L’idée, lancée en juillet 2016 avec Dominique Raimbourg, président (PS) de la commission des lois de l’Assemblée nationale, était de bâtir un constat partagé sur lequel la prochaine majorité, quelle qu’elle soit, pourrait élaborer une loi de programmation. La mission sénatoriale a notamment fait un gros travail en coopération avec la Cour des comptes. Sans surprise, le constat est celui d’une insuffisance du budget de la justice, du nombre de magistrats et de greffiers.

Philippe Bas estime ainsi que pour remettre à niveau ce ministère sinistré, il serait nécessaire d’appliquer chaque année pendant le prochain quinquennat un coup de pouce budgétaire de 5 %, soit plus de 27 % en cinq ans. Le rythme de croissance du budget était en moyenne de 3 % depuis dix ans. Le budget 2017 de la justice arraché par Jean-Jacques Urvoas, le garde des sceaux, affiche un bond de 4,3 %.

Ne pas stigmatiser les magistrats

Mais pour obtenir un tel accès à la ressource budgétaire alors que la concurrence sera rude, avec le ministère de la défense notamment, le sénateur de la Manche estime que la justice devra démontrer sa capacité à se réformer.

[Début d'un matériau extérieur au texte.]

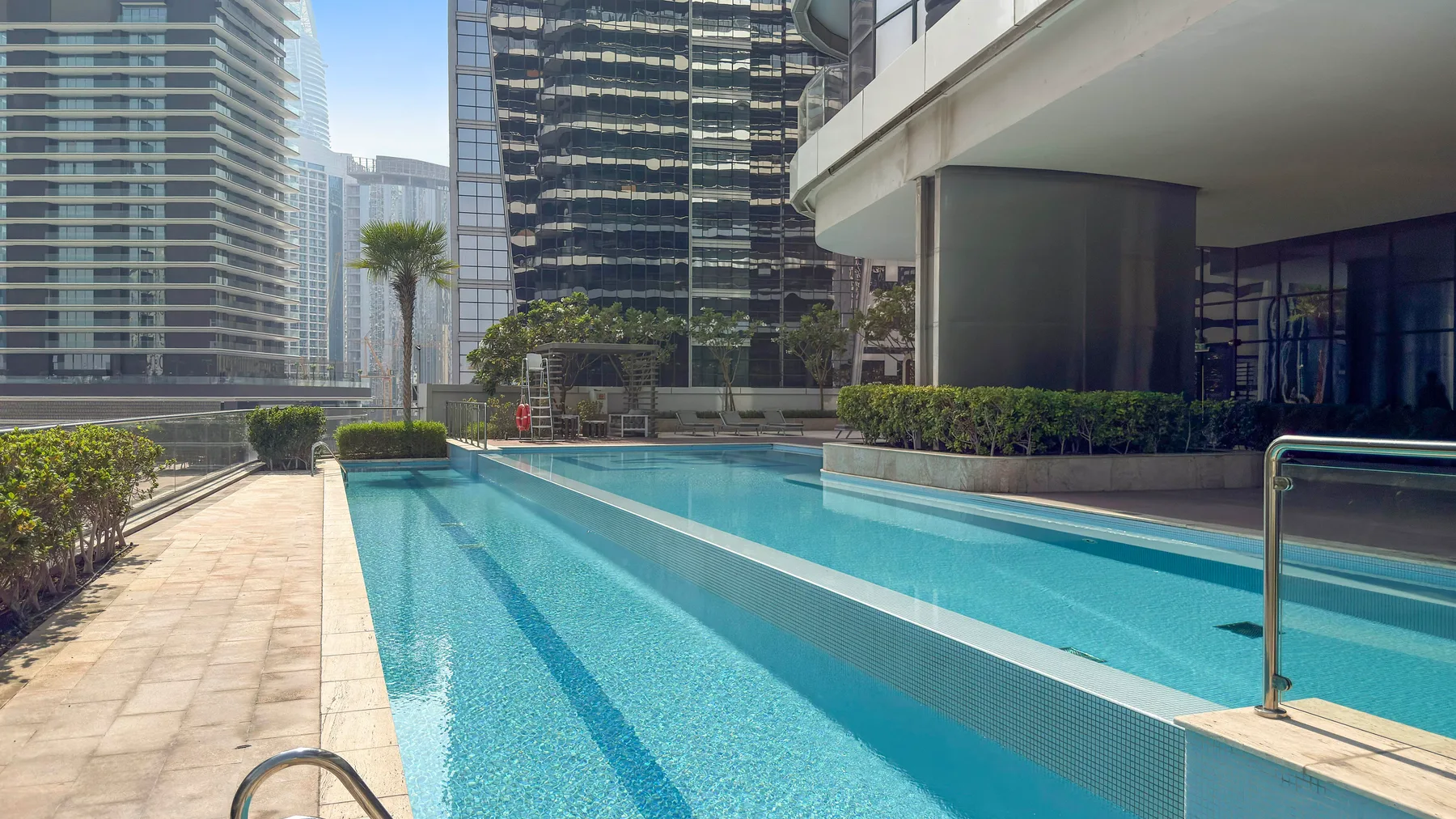 An outdoor swimming pool sits beside a paved walkway and modern buildings.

D’abord en limitant la mobilité effrénée du corps de la magistrature, dont pratiquement le tiers des effectifs changent de juridiction ou de fonction chaque année, provoquant une certaine désorganisation. « Pourquoi ne pas chaîner les nominations comme pour les préfets, qui ne quittent pas leur poste tant qu’un successeur n’y est pas nommé », interroge M. Bas ?

Pas question pour autant de stigmatiser les magistrats. « Cessons de leur faire porter la responsabilité de l’augmentation de la délinquance », affirme-t-il après avoir auditionné 150 personnes depuis septembre. Il reconnaît qu’il « était loin d’avoir mesuré la gravité de la situation » alors que sa famille politique est prompte à voir derrière chaque juge « un laxiste du Syndicat de la magistrature, ce qui n’est pas du tout la réalité ». Selon lui, « si les hommes politiques ne respectent pas les magistrats, les Français ne respecteront pas la justice ».

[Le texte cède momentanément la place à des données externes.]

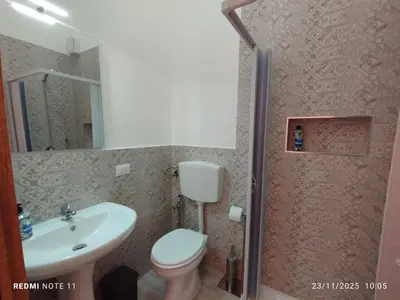 a bathroom with a white toilet and a sink at Casa Claudia in Palermo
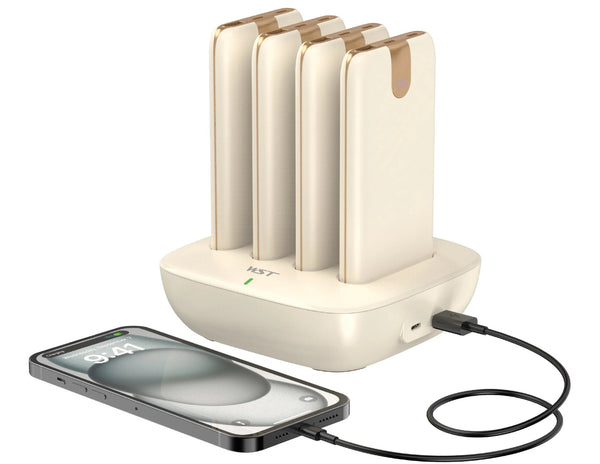 wst Charging station with four slots and a smartphone being charged.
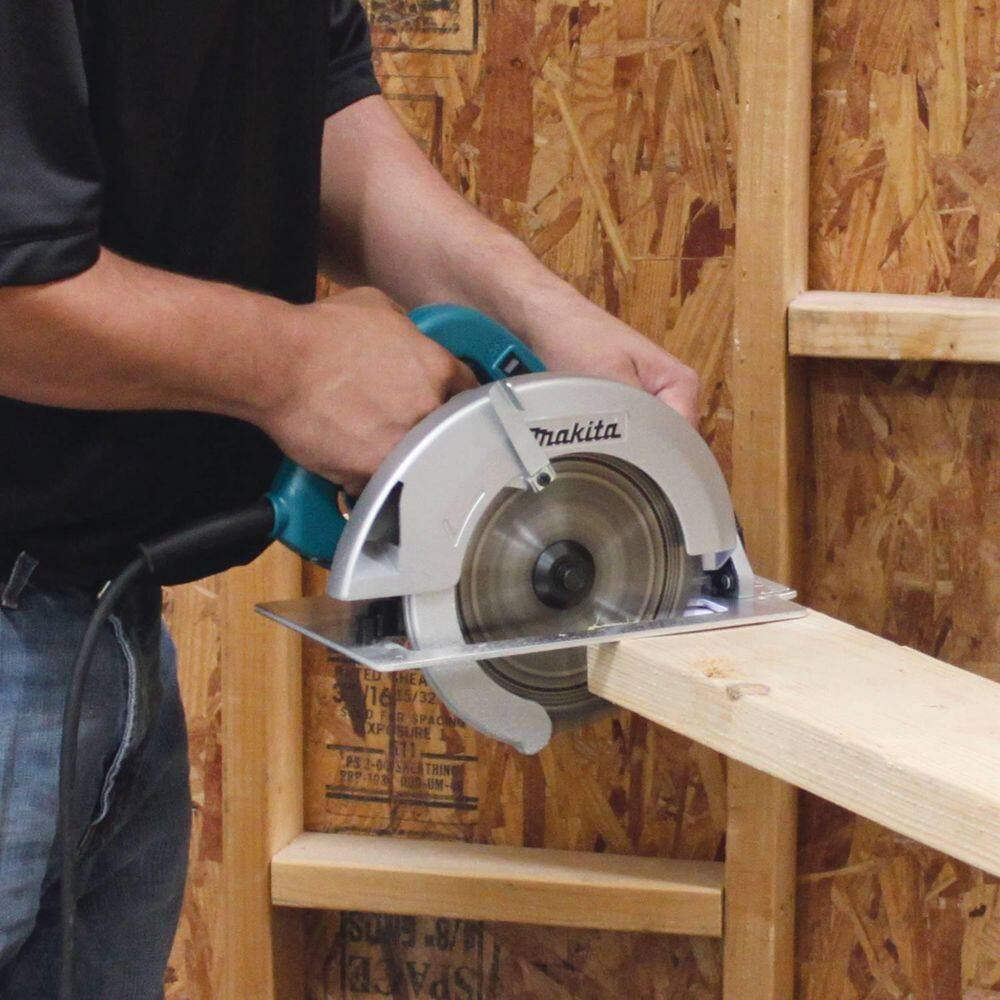 A professional builder using the Makita 5007FA 7-1/4 inch circular saw to crosscut a wooden beam, demonstrating the tool's power and balance.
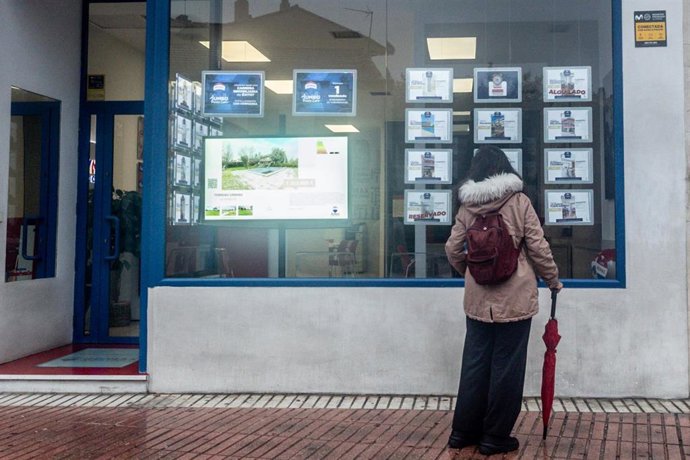 Archivo - Una mujer observa las ofertas de una inmobiliaria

Pour améliorer l’accès à la justice, et désengorger les tribunaux, la mission Bas pourrait proposer le développement des conciliateurs de justice très au-delà de ce qui existe aujourd’hui – des litiges civils, commerciaux ou locatifs par exemple. Ils pourraient décider souverainement, alors qu’aujourd’hui leur solution à un litige ne s’impose qu’en cas d’accord entre les parties. Le recours aux conciliateurs pourrait être obligatoire dans un nombre plus important de litiges civils – et pourquoi pas au pénal. Autre proposition pour revoir à la baisse la carte judiciaire sans menacer le besoin de proximité de la justice, la possibilité de créer des « chambres détachées » qui feraient se déplacer les magistrats en fonction du volume d’affaires à traiter plutôt que les justiciables.

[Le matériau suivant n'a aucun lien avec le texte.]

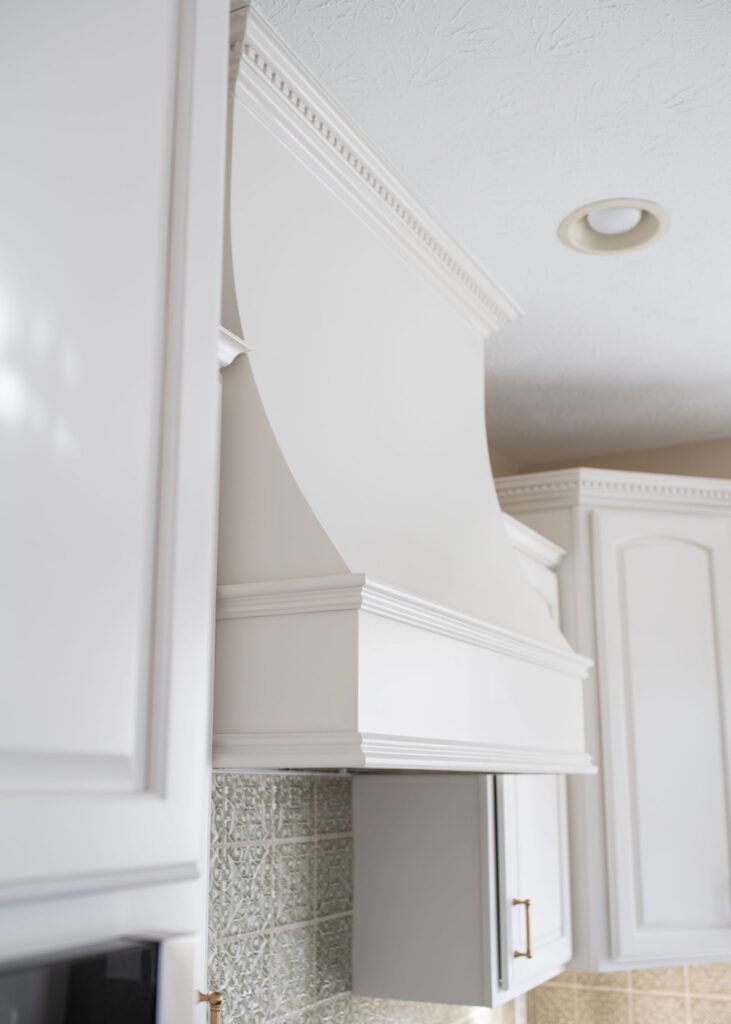 Updated vent hood in overtop the stove in the kitchen in Aurora Ohio with updated green backsplash tiles with texture. Lindsey Putzier interior design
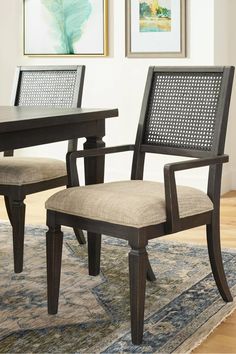 two chairs sitting on top of a rug in front of a wooden table and chair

En revanche, il se montre favorable au rétablissement du timbre sur les procédures judiciaires payé par tous les plaignants, pour financer l’aide juridictionnelle. Quitte à le fixer à un niveau supérieur à 35 euros auquel il se situait quand Christiane Taubira l’a supprimé en 2014, dès lors que les plus modestes n’ont pas à le payer.